§ **Your instructions**: Could you restate, word for word, the line that has "10000mAh Portable Power" and all lines following it through the end of the entries below?

§ **Source data**:
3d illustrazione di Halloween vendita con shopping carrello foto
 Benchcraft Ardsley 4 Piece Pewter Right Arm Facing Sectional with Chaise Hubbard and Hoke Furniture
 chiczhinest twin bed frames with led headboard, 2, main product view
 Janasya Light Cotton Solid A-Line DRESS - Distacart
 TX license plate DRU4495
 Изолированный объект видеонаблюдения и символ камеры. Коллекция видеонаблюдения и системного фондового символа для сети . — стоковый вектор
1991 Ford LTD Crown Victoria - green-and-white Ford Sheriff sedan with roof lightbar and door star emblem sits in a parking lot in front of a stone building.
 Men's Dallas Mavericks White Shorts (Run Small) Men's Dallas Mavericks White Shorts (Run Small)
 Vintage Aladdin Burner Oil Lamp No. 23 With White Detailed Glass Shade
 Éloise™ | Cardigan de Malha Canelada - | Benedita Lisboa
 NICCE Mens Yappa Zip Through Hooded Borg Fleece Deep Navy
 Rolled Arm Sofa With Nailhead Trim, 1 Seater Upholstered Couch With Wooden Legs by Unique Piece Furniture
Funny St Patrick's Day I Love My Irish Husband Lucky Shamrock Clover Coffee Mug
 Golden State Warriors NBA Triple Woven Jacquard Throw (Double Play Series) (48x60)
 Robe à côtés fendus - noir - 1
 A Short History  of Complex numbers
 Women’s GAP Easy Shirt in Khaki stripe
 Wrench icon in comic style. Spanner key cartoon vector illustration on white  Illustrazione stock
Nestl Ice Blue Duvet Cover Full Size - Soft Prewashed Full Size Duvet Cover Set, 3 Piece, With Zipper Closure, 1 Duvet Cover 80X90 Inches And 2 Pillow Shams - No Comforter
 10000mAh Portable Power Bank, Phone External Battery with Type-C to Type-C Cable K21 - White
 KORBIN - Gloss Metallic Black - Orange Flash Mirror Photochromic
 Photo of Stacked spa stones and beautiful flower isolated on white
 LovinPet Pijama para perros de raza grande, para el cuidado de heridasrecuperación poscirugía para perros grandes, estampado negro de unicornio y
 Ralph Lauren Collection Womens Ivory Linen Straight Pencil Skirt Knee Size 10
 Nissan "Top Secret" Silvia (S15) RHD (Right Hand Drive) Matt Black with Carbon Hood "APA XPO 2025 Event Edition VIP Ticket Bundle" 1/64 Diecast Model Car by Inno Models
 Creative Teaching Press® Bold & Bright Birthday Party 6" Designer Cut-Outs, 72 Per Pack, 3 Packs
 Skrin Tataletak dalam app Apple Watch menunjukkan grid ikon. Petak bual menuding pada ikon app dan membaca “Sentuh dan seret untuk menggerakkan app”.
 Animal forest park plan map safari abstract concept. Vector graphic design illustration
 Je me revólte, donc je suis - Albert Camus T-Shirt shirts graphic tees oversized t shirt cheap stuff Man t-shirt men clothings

§ **Solved exercise**:
 10000mAh Portable Power Bank, Phone External Battery with Type-C to Type-C Cable K21 - White
 KORBIN - Gloss Metallic Black - Orange Flash Mirror Photochromic
 Photo of Stacked spa stones and beautiful flower isolated on white
 LovinPet Pijama para perros de raza grande, para el cuidado de heridasrecuperación poscirugía para perros grandes, estampado negro de unicornio y
 Ralph Lauren Collection Womens Ivory Linen Straight Pencil Skirt Knee Size 10
 Nissan "Top Secret" Silvia (S15) RHD (Right Hand Drive) Matt Black with Carbon Hood "APA XPO 2025 Event Edition VIP Ticket Bundle" 1/64 Diecast Model Car by Inno Models
 Creative Teaching Press® Bold & Bright Birthday Party 6" Designer Cut-Outs, 72 Per Pack, 3 Packs
 Skrin Tataletak dalam app Apple Watch menunjukkan grid ikon. Petak bual menuding pada ikon app dan membaca “Sentuh dan seret untuk menggerakkan app”.
 Animal forest park plan map safari abstract concept. Vector graphic design illustration
 Je me revólte, donc je suis - Albert Camus T-Shirt shirts graphic tees oversized t shirt cheap stuff Man t-shirt men clothings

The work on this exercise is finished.